[Web page caption snippets]
┄┄┄┄┄┄┄┄┄┄┄┄┄┄┄┄┄┄┄┄
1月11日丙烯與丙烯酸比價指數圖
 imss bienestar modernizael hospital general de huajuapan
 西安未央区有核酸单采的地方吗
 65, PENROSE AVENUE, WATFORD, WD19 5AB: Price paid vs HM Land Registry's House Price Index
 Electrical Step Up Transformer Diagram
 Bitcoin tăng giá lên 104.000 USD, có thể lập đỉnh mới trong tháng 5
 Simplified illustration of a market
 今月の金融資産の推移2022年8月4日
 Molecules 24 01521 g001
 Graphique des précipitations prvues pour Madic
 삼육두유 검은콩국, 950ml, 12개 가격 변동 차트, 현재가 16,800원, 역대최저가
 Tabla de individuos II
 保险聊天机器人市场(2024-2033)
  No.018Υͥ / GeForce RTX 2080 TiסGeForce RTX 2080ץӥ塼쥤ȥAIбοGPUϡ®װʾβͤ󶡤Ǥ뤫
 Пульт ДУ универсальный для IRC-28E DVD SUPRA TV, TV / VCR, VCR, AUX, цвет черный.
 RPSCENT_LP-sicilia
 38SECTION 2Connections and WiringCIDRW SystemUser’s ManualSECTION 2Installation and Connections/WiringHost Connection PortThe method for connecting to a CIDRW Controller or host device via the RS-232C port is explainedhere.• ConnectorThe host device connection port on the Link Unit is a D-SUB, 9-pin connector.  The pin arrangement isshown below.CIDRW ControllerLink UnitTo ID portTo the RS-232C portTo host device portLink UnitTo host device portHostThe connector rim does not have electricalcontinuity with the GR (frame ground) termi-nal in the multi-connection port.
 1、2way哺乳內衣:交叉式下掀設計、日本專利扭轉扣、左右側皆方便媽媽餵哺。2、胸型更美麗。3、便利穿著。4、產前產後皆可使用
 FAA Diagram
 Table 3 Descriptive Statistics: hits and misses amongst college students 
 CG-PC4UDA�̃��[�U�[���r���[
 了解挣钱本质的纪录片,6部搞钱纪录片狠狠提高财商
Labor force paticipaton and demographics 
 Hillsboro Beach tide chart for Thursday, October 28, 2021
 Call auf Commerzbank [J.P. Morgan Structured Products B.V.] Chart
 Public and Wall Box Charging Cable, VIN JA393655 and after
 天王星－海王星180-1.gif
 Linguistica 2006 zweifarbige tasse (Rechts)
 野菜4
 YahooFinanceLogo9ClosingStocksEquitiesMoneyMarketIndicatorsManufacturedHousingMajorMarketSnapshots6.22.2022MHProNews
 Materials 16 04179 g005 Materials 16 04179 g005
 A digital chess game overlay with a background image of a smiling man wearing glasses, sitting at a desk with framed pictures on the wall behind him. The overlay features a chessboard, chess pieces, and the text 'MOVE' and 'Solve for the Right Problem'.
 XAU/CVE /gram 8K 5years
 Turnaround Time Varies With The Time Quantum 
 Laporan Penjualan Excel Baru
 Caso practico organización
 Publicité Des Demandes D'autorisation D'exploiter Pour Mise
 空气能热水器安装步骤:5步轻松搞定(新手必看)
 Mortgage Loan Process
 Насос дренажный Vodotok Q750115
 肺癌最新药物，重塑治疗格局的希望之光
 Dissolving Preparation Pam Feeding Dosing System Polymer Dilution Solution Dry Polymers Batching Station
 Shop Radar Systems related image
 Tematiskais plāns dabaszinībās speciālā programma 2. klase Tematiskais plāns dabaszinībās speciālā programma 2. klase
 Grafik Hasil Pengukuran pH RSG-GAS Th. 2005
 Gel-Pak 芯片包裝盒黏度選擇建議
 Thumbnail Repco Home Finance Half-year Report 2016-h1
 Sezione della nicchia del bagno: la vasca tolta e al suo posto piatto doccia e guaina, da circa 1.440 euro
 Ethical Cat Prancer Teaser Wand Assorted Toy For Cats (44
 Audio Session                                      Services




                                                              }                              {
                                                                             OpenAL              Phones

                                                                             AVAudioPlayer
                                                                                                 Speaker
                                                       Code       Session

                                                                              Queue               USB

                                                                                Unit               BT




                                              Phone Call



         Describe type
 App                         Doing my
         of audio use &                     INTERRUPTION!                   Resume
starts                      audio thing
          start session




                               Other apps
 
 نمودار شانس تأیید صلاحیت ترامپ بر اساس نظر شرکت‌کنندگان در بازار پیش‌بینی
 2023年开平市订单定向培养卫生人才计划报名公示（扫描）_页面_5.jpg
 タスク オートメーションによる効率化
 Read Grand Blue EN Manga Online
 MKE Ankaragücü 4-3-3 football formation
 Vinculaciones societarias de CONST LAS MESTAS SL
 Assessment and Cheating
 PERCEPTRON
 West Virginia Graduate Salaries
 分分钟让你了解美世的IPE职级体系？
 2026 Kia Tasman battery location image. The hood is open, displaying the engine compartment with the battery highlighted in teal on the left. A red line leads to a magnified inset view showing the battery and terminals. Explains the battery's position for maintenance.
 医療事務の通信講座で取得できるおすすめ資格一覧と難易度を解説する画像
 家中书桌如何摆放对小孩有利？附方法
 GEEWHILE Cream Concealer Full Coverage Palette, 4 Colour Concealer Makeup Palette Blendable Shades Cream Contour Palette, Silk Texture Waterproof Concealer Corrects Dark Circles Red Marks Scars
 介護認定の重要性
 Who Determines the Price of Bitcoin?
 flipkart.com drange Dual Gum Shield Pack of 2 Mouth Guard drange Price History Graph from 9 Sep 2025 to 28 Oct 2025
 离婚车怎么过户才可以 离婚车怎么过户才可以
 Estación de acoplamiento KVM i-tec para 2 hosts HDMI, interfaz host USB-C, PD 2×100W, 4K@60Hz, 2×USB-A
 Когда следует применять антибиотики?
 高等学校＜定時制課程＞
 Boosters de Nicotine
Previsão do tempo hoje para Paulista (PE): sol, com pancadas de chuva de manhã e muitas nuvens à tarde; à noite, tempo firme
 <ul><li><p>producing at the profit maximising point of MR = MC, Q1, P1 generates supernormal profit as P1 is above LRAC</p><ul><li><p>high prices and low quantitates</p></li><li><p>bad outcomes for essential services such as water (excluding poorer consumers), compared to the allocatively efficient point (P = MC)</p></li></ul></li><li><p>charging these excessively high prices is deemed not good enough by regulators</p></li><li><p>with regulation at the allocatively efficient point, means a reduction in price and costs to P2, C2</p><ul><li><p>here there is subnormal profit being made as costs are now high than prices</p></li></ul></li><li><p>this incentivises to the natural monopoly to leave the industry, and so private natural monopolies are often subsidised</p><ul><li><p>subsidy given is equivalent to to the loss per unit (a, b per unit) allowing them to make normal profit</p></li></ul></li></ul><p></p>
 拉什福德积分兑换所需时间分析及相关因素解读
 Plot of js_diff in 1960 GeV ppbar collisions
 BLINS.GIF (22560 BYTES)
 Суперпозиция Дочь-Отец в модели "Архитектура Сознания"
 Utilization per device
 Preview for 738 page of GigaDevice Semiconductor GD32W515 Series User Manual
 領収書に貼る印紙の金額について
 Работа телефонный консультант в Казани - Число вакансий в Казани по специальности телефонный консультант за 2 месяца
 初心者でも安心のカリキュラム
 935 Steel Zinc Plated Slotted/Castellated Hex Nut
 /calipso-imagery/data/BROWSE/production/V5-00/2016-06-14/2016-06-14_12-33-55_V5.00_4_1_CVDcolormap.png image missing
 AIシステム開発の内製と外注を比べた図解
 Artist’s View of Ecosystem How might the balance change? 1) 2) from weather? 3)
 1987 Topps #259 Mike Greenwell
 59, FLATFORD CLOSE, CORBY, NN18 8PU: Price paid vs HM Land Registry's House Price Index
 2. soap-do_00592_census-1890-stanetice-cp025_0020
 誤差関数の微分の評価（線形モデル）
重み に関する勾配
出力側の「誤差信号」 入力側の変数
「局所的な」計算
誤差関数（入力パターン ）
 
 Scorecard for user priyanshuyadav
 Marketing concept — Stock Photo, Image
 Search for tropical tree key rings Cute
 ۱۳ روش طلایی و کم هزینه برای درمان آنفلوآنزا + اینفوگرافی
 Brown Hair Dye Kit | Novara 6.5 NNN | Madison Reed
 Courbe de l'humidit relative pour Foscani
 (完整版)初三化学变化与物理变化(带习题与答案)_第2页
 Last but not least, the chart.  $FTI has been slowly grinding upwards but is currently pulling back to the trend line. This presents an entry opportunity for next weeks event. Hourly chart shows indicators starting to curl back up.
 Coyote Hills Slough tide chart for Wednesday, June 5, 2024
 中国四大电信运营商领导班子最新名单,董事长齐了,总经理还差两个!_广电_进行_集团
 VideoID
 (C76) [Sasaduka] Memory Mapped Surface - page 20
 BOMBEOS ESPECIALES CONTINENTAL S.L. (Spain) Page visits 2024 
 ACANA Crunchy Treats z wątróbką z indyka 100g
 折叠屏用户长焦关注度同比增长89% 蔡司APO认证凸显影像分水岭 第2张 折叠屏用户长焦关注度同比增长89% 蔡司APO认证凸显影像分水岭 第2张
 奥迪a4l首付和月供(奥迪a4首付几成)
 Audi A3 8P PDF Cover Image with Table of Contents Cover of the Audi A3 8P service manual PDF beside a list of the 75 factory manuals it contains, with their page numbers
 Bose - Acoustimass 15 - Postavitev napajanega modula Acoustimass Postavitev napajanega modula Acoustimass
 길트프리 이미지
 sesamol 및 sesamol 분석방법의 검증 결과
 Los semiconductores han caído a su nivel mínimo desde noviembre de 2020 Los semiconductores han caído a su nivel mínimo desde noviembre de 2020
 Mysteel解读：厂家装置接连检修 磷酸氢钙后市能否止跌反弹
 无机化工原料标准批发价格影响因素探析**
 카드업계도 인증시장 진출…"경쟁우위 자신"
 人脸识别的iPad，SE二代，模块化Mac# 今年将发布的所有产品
┄┄┄┄┄┄┄┄┄┄┄┄┄┄┄┄┄┄┄┄
• Activity:
From the records above, copy each line in which the string "Bitcoin" occurs.

• Output:
 Bitcoin tăng giá lên 104.000 USD, có thể lập đỉnh mới trong tháng 5
 Who Determines the Price of Bitcoin?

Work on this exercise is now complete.